I am not sure `(str(o),)` is what I want. For a comparison here are three 
examples:
```
json:orig = {"val": 0.6441726684570313}
json:pyth = {'val': 0.6441726684570312}
json:seri = {"val": 0.6441726684570312}

dson:orig = {"val": 0.6441726684570313}
dson:pyth = {'val': Decimal('0.6441726684570313')}
dson:seri = {"val": ["0.6441726684570313"]}

sjson:orig = {"val": 0.6441726684570313}
sjson:pyth = {'val': Decimal('0.6441726684570313')}
sjson:seri = {"val": 0.6441726684570313}
```
Each one has three outputs, `orig` is the input text, `pyth` is its python 
representation in a `dict`, `seri` is the serialized text output of `pyth`.

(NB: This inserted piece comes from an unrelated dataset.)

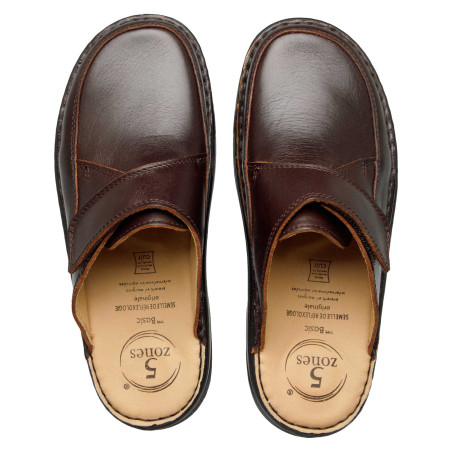 Mules cuir 5 zones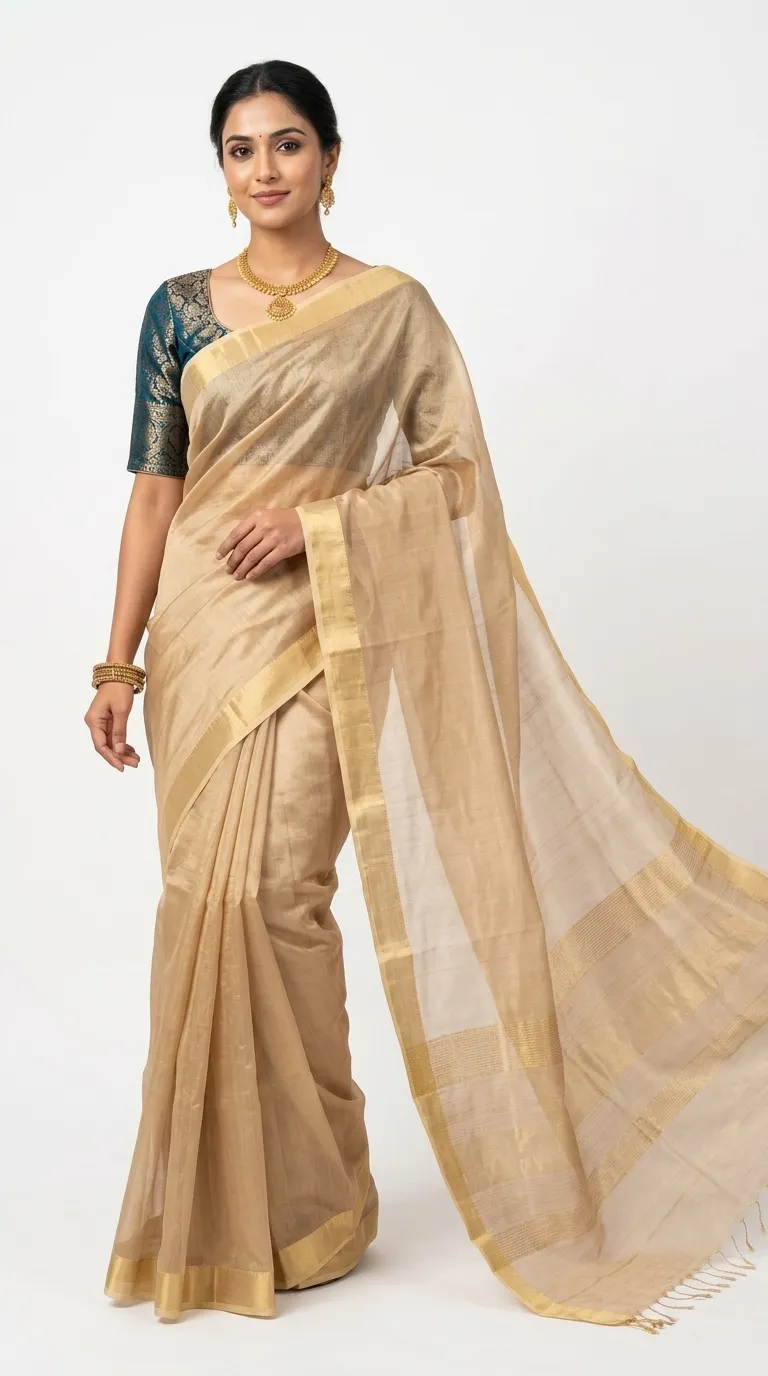 Embellished, Embroidered Bollywood
                                    Organza Saree (Green)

Now, the prefixes are `json` for standard Python module (which gets the last 
digit different from the output). `dson` is standard Python module using 
`parse_float=decimal.Decimal` on `json.loads` and custom serializer with 
proposed `return (str(o),)`. Finally `sjson` is `simplejson` using 
`use_decimal=True` on `json.loads` and the same (which is default) on its 
`json.dumps`.

When I had `return str(o)` in the custom impl. I ended up with the string in 
the output:
```
dson:orig = {"val": 0.6441726684570313}
dson:pyth = {'val': Decimal('0.6441726684570313')}
dson:seri = {"val": "0.6441726684570313"}
```
and finally, with `return float(o)` I am basically back at the square one:
```
dson:orig = {"val": 0.6441726684570313}
dson:pyth = {'val': Decimal('0.6441726684570313')}
dson:seri = {"val": 0.6441726684570312}
```
The possibility to specify the "raw" textual output, which does not get mangled 
by the JSONEncoder when custom encoder is used seems to be missing.